O reforço da época

1. Já não é mistério que o desporto se pratica – cada vez mais – nos tribunais. As múltiplas vertentes desse omnipresente fenómeno social assim o ditam e já não há espaço para aqueles que vêem na lei e na acção dos tribunais uma intervenção injustificável no desporto. Em termos muito prosaicos o desporto, na sua evolução, pôs-se a jeito.

2. Ainda a semana passada referimos um caso em que a “providência cautelar” assume protagonismo. Esta figura, que como o próprio nome indicia pretende defender direitos de forma imediata, se bem que provisoriamente, é claramente um dos jogadores que deve ser considerado como um reforço de peso, quando a prova tem lugar no espaço judiciário.

Hoje damos conta de uma providência cautelar proposta pela Liga Portuguesa de Futebol Profissional e que não teve sucesso.

2. A LPFP não gostou das soluções, ainda hoje vigentes, contidas na Portaria nº 50/2013, de 5 de Fevereiro, que veio definir os parâmetros para o reconhecimento da natureza profissional das competições desportivas e os consequentes pressupostos de participação nas mesmas. Visionou, nalgumas das suas normas, a violação da Constituição da República e da lei. Assim sendo, iniciou um processo cautelar para a suspensão de sua eficácia.

3. As razões e pretensões da LPFP não foram acolhidas pelo Tribunal Administrativo e Fiscal do Porto. Daí o recurso para o Tribunal Central Administrativo Norte que, este ano, confirmou a primeira decisão. Vejamos, somente com o fito de informar que este jogador, tão na “boca” e moda desportivas, e que muitos têm por sinónimo de vitória imediata, na prática, vale menos do que o estabelecido na sua “cláusula de rescisão”.

4. Uma providência cautelar é adoptada pelos tribunais desde logo se – e simplificando – a ilegalidade do acto é evidente. Para o tribunal, concorde-se ou não com o seu juízo (e há uma corrente jurisprudencial muito limitativa do espaço de acção desta «evidência»), “não é evidente, em regra, nos casos em que a cognição das circunstâncias de facto e do consequente juízo subsuntivo na lei aplicável decorre de elaborada actividade exegética e argumentativa que não de uma apreensão imediata, manifesta e sumária”. No caso, decidiu o tribunal que era imprescindível “uma actividade dirimente, de exegese complexa e aprofundada”.

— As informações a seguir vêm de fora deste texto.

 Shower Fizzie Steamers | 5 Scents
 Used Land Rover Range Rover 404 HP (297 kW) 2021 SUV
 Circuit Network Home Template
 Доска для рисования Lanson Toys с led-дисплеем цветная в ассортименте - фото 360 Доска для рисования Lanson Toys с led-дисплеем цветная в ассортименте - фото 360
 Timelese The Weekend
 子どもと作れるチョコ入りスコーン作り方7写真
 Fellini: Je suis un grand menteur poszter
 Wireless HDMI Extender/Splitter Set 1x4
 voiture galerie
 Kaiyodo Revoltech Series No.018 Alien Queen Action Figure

5. Um outro fundamento pode sustentar a adopção de uma providência cautelar: quando, estando em causa a adopção de uma providência conservatória, haja fundado receio da constituição de uma situação de facto consumado ou da produção de prejuízos de difícil reparação para os interesses que o requerente visa assegurar no processo principal e não seja manifesta a falta de fundamento da pretensão formulada ou a formular nesse processo ou a existência de circunstâncias que obstem ao seu conhecimento de mérito. O Tribunal de novo refutou que estivessem preenchidos estes requisitos.

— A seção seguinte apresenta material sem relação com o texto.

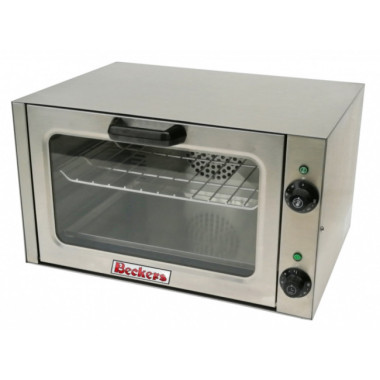 Four à Convection - 30L - 2500W - Porte Vitrée - Beckers  au meilleur prix sur Restock CHR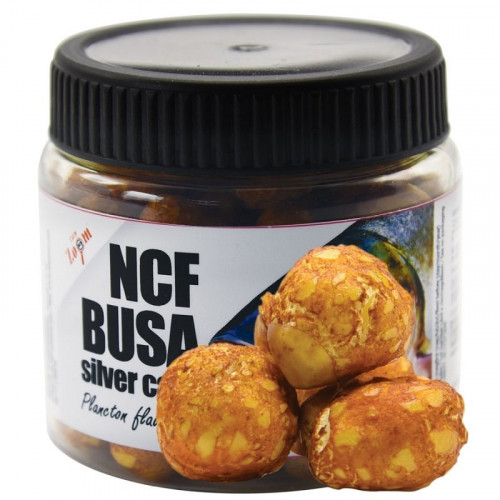 NCF Busa - Silver Carp plancton, 20g пуфики для ловли толстолоба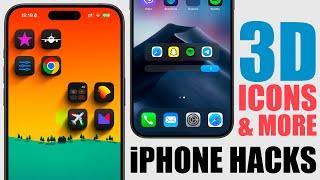 5 iPhone HACKS You Must Try !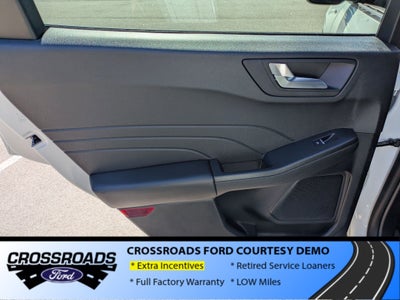 2025 Ford Escape ST-Line Elite - Crossroads Courtesy Demo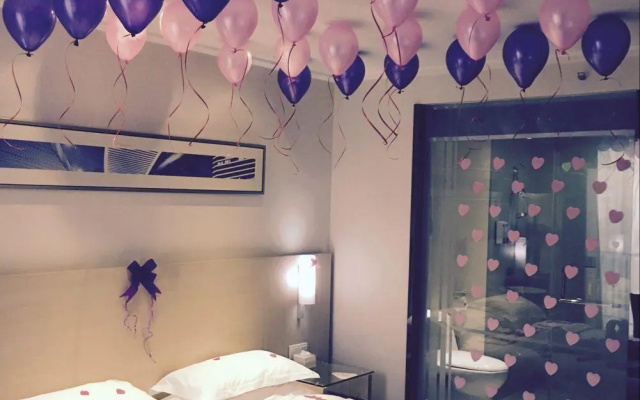 City Comfort Inn Wuhan Baibuting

6. Nas suas palavras: “O juiz deve, pois, fazer um juízo de prognose, colocando-se na situação futura de uma hipotética sentença de provimento, para concluir se há, ou não, razões para recear que tal sentença venha a ser inútil, por se ter consumado uma situação de facto incompatível com ela, ou por entretanto se terem produzido prejuízos de difícil reparação para quem dela deveria beneficiar, que obstem à reintegração específica da sua esfera jurídica. Neste juízo, o fundado receio há-de corresponder a uma prova, em princípio a cargo do requerente, de que tais consequências são suficientemente prováveis para que se possa considerar «compreensível ou justificado» a cautela que é solicitada.”

7. A providência cautelar, um dos jogadores essenciais, não é contudo muito regular nas suas exibições e, como tantos jogadores, tem períodos em que persiste em não marcar golos. Estamos longe de negar a sua importância como meio de reacção imediata a uma eventual ilegalidade; mas as suas “características técnicas e tácticas” não permitem atribuir-lhe a importância – inclusive (ou principalmente) mediática – de que goza. E, acima de tudo, interpor uma providência cautelar não é nunca – como parece ser crença comum - sinónimo de ter razão.